Figure 2. General scheme of ADAM elements from back and front view.

The robot is completely modular, with its different parts being able to work individually as well as together. In addition, the robot is completely autonomous, having batteries in its base that provide it with enough energy to move both the base and the arms and to include additional sensors such as cameras or 3D LiDAR sensors. The average battery life is derived from the number of simultaneous active modules, with the maximum battery life achieved solely with the base module (using only the navigation module) estimated at 9.3 h. The minimum battery life, with all modules connected and functioning simultaneously, is 3.8 h. The estimated approximate charging time for the batteries is 2.2 h.

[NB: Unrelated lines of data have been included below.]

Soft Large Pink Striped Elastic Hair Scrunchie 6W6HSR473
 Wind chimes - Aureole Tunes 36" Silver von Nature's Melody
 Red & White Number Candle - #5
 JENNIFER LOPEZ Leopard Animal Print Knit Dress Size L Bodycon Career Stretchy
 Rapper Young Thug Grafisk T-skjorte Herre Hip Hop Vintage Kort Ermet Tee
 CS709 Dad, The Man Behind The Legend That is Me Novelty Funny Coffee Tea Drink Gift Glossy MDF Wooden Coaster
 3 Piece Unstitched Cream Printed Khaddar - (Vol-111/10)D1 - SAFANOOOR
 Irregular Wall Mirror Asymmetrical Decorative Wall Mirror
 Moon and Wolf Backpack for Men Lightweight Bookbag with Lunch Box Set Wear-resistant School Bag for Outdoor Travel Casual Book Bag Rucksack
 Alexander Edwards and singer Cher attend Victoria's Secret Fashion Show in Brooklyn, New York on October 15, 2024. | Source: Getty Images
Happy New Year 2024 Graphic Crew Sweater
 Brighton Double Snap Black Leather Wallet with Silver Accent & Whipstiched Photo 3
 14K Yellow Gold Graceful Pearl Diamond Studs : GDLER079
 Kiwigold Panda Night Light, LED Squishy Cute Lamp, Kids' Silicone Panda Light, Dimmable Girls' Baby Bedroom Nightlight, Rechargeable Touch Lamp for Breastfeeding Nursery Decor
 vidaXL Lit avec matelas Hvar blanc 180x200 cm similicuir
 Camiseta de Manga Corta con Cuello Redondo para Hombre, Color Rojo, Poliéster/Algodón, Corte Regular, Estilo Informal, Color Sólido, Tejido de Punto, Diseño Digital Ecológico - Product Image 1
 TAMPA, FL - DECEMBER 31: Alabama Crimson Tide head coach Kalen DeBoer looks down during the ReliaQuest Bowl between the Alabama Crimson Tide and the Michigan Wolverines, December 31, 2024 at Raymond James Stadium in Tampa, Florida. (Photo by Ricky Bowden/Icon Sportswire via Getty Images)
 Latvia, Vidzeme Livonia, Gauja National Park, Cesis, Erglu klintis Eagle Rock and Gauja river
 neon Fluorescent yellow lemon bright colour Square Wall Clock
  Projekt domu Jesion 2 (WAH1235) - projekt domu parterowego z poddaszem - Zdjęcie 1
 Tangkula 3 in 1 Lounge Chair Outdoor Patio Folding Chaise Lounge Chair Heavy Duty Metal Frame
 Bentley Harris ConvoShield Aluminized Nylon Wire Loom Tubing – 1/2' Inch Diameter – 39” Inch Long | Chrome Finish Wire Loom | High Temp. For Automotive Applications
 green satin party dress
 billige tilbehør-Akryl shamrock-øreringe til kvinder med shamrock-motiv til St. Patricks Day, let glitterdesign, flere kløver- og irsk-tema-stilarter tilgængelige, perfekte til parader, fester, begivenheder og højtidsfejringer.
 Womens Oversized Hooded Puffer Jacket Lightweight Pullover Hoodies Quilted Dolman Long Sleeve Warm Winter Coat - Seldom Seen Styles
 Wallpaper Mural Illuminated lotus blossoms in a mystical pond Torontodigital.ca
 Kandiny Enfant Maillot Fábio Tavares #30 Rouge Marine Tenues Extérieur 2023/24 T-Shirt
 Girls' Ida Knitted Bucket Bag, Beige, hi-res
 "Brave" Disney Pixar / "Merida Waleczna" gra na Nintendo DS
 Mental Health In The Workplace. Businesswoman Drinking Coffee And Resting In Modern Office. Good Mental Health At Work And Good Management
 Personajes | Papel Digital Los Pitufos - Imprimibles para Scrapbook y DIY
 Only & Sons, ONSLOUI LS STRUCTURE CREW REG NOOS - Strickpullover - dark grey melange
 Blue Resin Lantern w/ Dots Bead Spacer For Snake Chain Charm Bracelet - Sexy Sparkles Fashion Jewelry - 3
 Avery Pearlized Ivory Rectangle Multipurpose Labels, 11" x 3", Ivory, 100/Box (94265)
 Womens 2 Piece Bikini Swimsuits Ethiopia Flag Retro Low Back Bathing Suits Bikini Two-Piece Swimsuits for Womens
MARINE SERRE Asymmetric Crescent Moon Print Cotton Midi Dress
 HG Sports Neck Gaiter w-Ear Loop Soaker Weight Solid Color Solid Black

ADAM also has two central computers, one for the base and one for the arms, which have the controllers to act on them. These two computers are connected via an internal cable network. In addition, the robot has a WiFi module that allows the robot to communicate with external computers where we execute custom made algorithms that process sensor data and send commands. Each of the different modules of the robot, both its own (base and arms) and those added by us (perception system and manipulators), are presented in detail below.

3.1.1 Perception system

The perception system allows to capture relevant information from the environment to perform navigation and manipulation tasks. The robot has sensors that are already integrated into its commercial components. The robotic base includes an RGBD camera and a 2D LiDAR. These sensors are located practically at ground level, a few centimeters above the ground, and pointing toward the front side of the robot. This means that their range of vision is quite limited with respect to height. As mentioned in Section 3.2.2, they are useful for low-level actions like measuring distances at specific times. However, it is necessary to include additional devices that extend the range of vision and allow higher-level tasks to be performed. The proposed selection of additional components is detailed below.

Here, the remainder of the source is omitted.